Jesus Is Lord of the Sabbath
6 One Sabbath Jesus was going through the grain fields, and his disciples began to pick some heads of grain, rub them in their hands and eat the kernels. 2 Some of the Pharisees asked, “Why are you doing what is unlawful on the Sabbath?”
3 Jesus answered them, “Have you never read what David did when he and his companions were hungry? 4 He entered the house of God, and taking the consecrated bread, he ate what is lawful only for priests to eat. And he also gave some to his companions.” 5 Then Jesus said to them, “The Son of Man is Lord of the Sabbath.”
Observations & Reflections
What is striking about this passage at first read is that Jesus and the apostles were walking through and eating grain from a field that has no identified owner. That would be considered a crime in America. However, in Jewish law it was permissible to pluck and eat heads of grain. In fact, Jewish culture even permitted collecting whole bundles of grain if one is poor, widowed, or a foreigner.
If you enter your neighbor’s vineyard, you may eat all the grapes you want, but do not put any in your basket. 25 If you enter your neighbor’s grainfield, you may pick kernels with your hands, but you must not put a sickle to their standing grain. (Deuteronomy 23:24-25)
It’s quite interesting how many laws were given by God that would be considered illegal in today’s culture or restrictions that we allow such as charging interest on loans.
Either way, it appears that Jesus’ behavior was lawful and it also appears that He was not in violation of any of the Mosaic laws. He was in violation of what some would call the oral law or non-biblical laws. After the Jews got exiled by the Babylonians they blamed the ordeal on not adhering to the law of Moses. When they returned to the land 70 years later, new reformed were created and new “barriers” outside of the Mosaic law were created to make sure people did not even come close to breaking the Torah.
However, by Jesus’ time these complex laws were no longer serving the public. Rather, they were used by the religious elite to dominate the ordinary people. This is why Jesus spent so much time combating the Pharisees, Sadducees, and scribes.
After Jesus is confronted on the Sabbath He corrects the accusers and says something rather simple but profound.
“The Son of Man is Lord of the Sabbath.” (Luke 6:3)
At face value one would assume Jesus is referring to Himself. However, it makes more sense that Jesus is referring to mankind. In Mark, this saying is expanded slightly. Matthew as well gives more detail.
“The Sabbath was made for man, not man for the Sabbath. 28 So the Son of Man is Lord even of the Sabbath.” (Mark 2:27-28)
“I tell you that something greater than the temple is here. 7 If you had known what these words mean, ‘I desire mercy, not sacrifice,’ you would not have condemned the innocent. 8 For the Son of Man is Lord of the Sabbath.” (Matthew 12:6-8)
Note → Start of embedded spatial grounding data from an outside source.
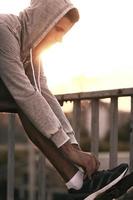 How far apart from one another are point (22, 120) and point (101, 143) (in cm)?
74

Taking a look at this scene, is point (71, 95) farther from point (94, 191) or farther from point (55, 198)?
point (55, 198)

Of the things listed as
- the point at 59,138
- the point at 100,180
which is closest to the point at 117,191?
the point at 100,180

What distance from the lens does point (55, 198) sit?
4.27 metres

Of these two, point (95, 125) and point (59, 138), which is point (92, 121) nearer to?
point (95, 125)

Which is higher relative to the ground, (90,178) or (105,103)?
(105,103)

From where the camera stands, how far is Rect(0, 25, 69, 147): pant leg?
2.57 metres

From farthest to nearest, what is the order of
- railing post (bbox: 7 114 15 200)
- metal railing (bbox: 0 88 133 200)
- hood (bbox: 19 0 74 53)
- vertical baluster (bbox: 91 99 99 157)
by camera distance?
railing post (bbox: 7 114 15 200) < vertical baluster (bbox: 91 99 99 157) < metal railing (bbox: 0 88 133 200) < hood (bbox: 19 0 74 53)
Unfortunately Matthew and Mark expand on this passage but not in a helpful way. It would appear that Mark’s version is the original but Matthew must have had extra sources to work with. In Matthew’s passage appears to use this instance as a messianic lesson. In the other two gospels it is clear that Jesus is correcting the religious leaders on the point of the Sabbath, which was clearly communicated in Mark.
“The Sabbath was made for man, not man for the Sabbath. “
This is why it is important to remember that the Sabbath was created for man to rest and to be in fellowship with the Lord. When we turn it into a punishment then the Sabbath becomes useless and no longer serves its original purpose. Here Jesus is redirecting us to the spirit of the law, not the legalism of it. We should all take note of Jesus’ tendency to emphasize the purpose of the laws, not the rigid adherence to them.